The event planning industry has grown tremendously over the years. Gone are the days when “Aunty Sue” would plan the birthday party, the family gathering and her daughter’s wedding. Now, we have “Event Managers”, “Wedding Planners”, “Project Manager”, “Meeting Specialist” and the list goes on and on. There are important elements in planning a successful event that all event planners including “Aunty Sue” use. Below are 3 key points to be considered.
Focus of the Event
You need to make sure that the objective of the event is the basis of you organizing it. If it is a birthday party, a wedding or corporate social event, you will need to ensure that everything is focused on that type of function. You wouldn’t want to have a wedding cake at a corporate event right?
You will also need to know, who the event is being planned for; is it an individual or a group of people; are they clients or stakeholders; maybe it’s a party for employees or even just friends. With that in mind, you will know who to focus on and what their needs are for the event.
The goals that you may set for your event can vary. You may have a goal to have a set amount of people at your event; or you may want to raise funds for a cause; you may have a goal to create something unique or even break a world record of some sort. Whatever the goal is, this will help you make the decision on the venue, the food and beverages, the entertainment and the budget.
Structure is key and having a team will make it stand.
Having the right people on your team is important. You need individuals that are responsible, capable, productive, respectful and able to work in a timely manner. A team of workers can either break or make your event successful. Each event that you plan will have certain deadlines to be met and require tasks to be completed.
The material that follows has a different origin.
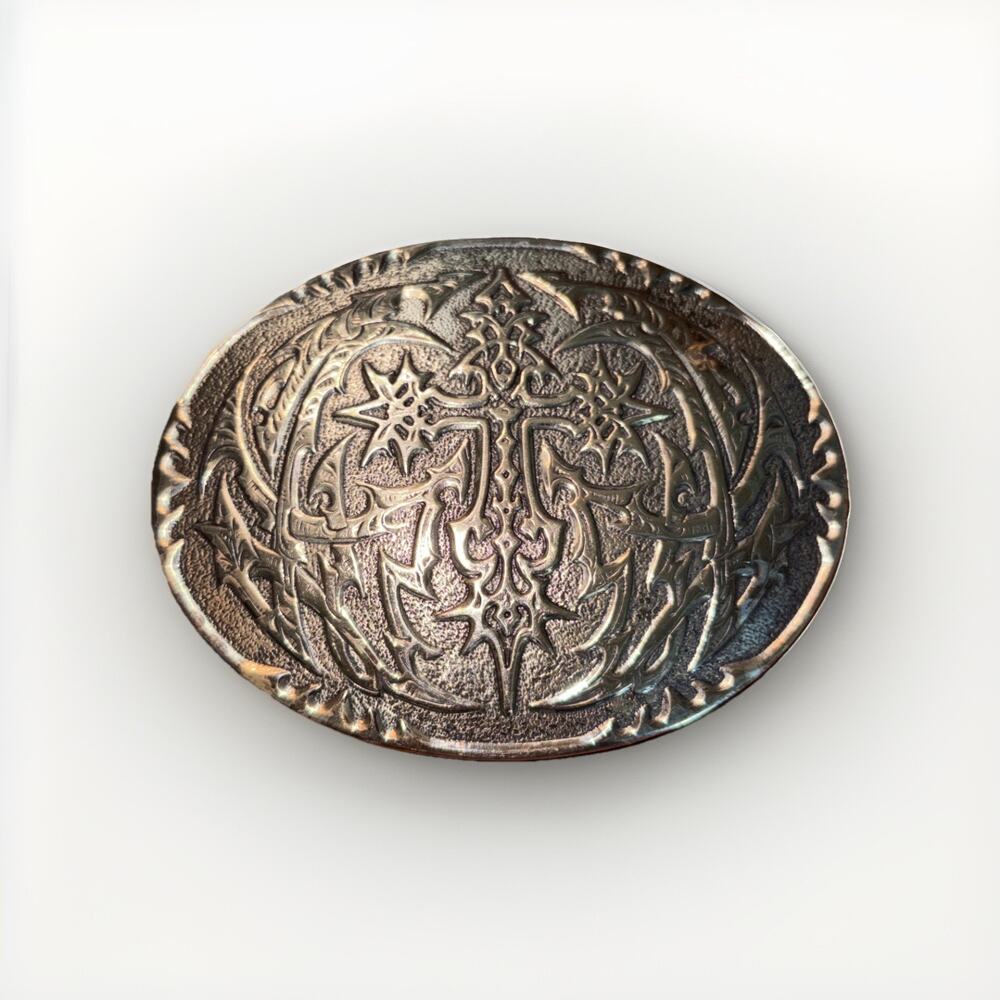 Crumrine Western Silvertone Belt Buckle with Cross of Thorns Embossed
If anyone on your team fails to finish their responsibility or does not do it on time, then this can cause a major delay in getting things done or may result in not happening at the level of professionalism that you want it to be done.
Every member of the team is important and should be respected and they also should be respectful. A team that works well together makes for a strong and productive structure. This will allow communication to flow smoothly and as a result of that, everyone involved and the attendees will see the benefits of a great team.
Venue! Venue! Venue!
You may have heard the saying “Location! Location! Location! Is everything” and this is true for any successful event as well. When selecting a venue you need to consider the functionality of the facility, your guests, the focus/theme of the event and the services that are included with the venue and the location. The venue begins the story in the mind of the attendees from the moment they pull up the driveway or scope it out online.
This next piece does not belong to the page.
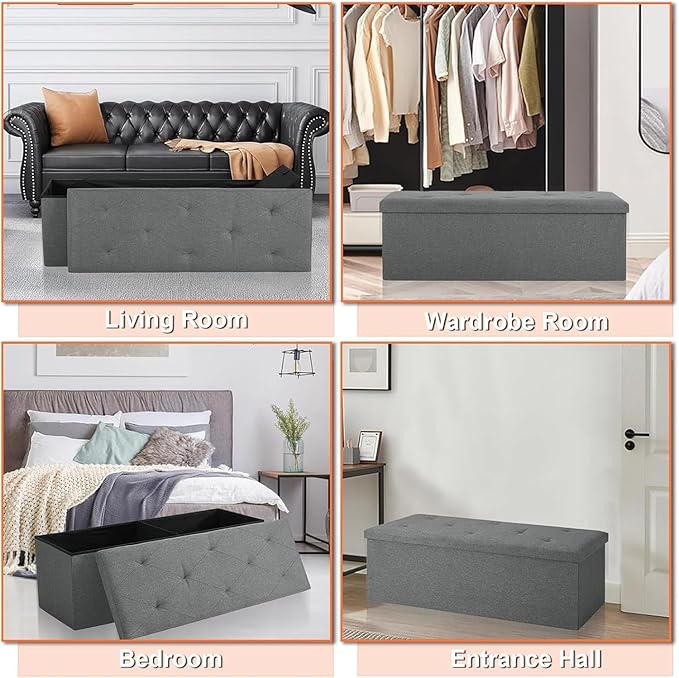 30 Inches Folding Storage Ottoman Bench, Ottoman Foot Rest, Storage Chest, End of Bed Foot Rest Stool with Padded Seat for Living Room, Bedroom, Entryway, Support 660lbs, Linen, Grey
When considering a venue it will help to know where most of your attendees will be traveling from. This can impact your attendance to your event. If the location is too far, or access to public transportation is not convenient or there is a restriction of age after certain hours will impeded on your guest list age group, then this can be a major issue. So know who you are catering to as guests to your event will help.
The venue should complement your event focus or theme. It should match what you are conveying as the calibre of your event. For example, if you are having a formal affair with people arriving in ball gown and tuxedos then having an event at a barnyard would not work. You will also need to make sure that it caters to your specific needs, such as if you need wheelchair accessibility or that children are attending- is it safe for them; do they have cultural food that you may require for your group is also something to consider.
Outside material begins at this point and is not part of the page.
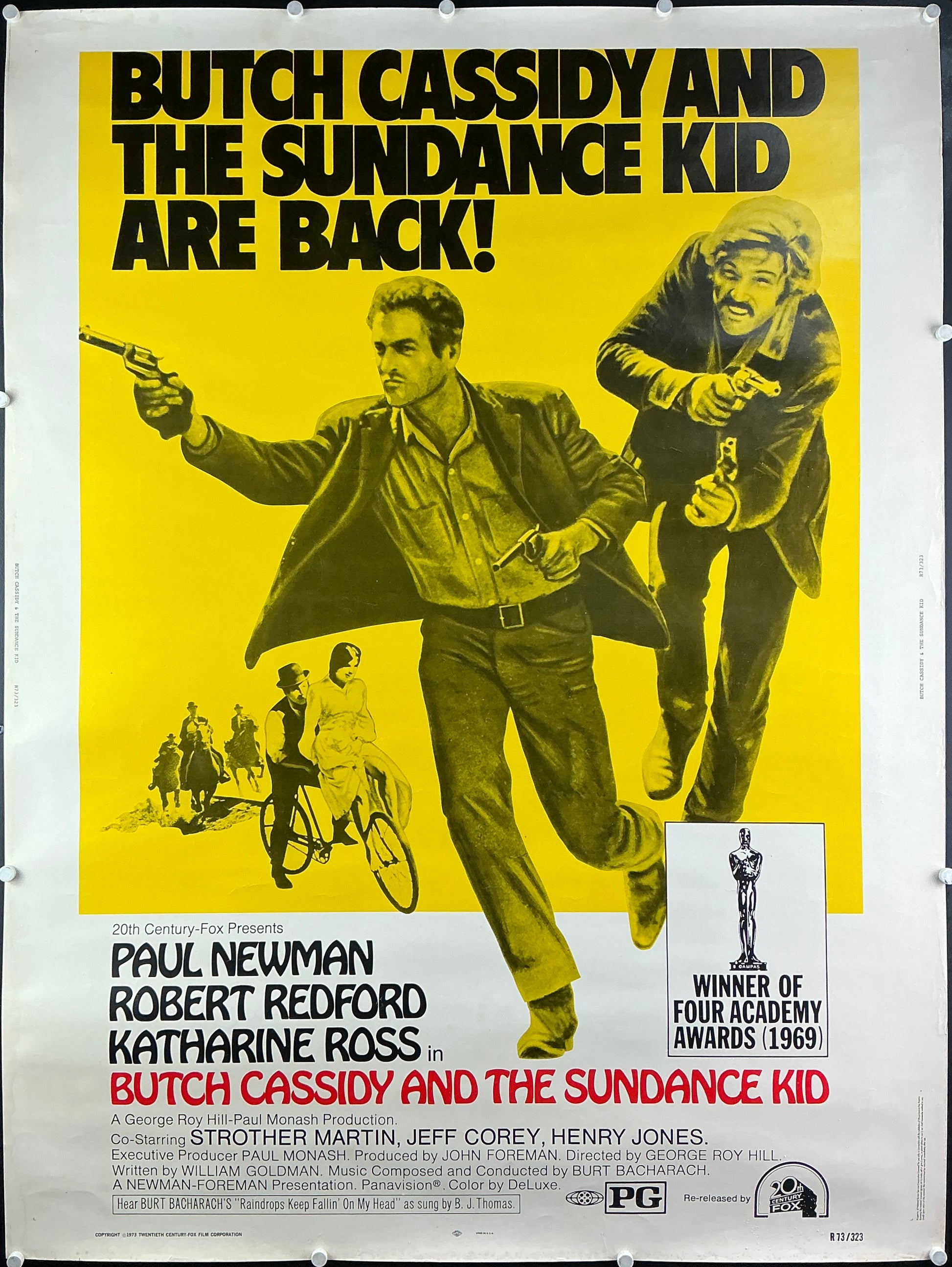 An original movie poster from the film the Butch Cassidy and the Sundance Kid.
Lastly, the venue should be functional in many areas. It is important to do a site visit of the space which will allow you to visualize the space from a cosmetic view. What most planners fail to do is to visit the site at the same time of day when your event would be taking place to ensure that you have covered every possible issue. For example, for an evening event when it’s dark, you want to ensure that the walkway from the parking lot is properly lit and that all the lights are functioning. Or for a day event that the sunlight beaming into the room is not positioned where you guest of honors are sitting. You may want to “walk-through” as though you were the guest and make sure that everything flows and makes sense when they are making their transitions from space to space.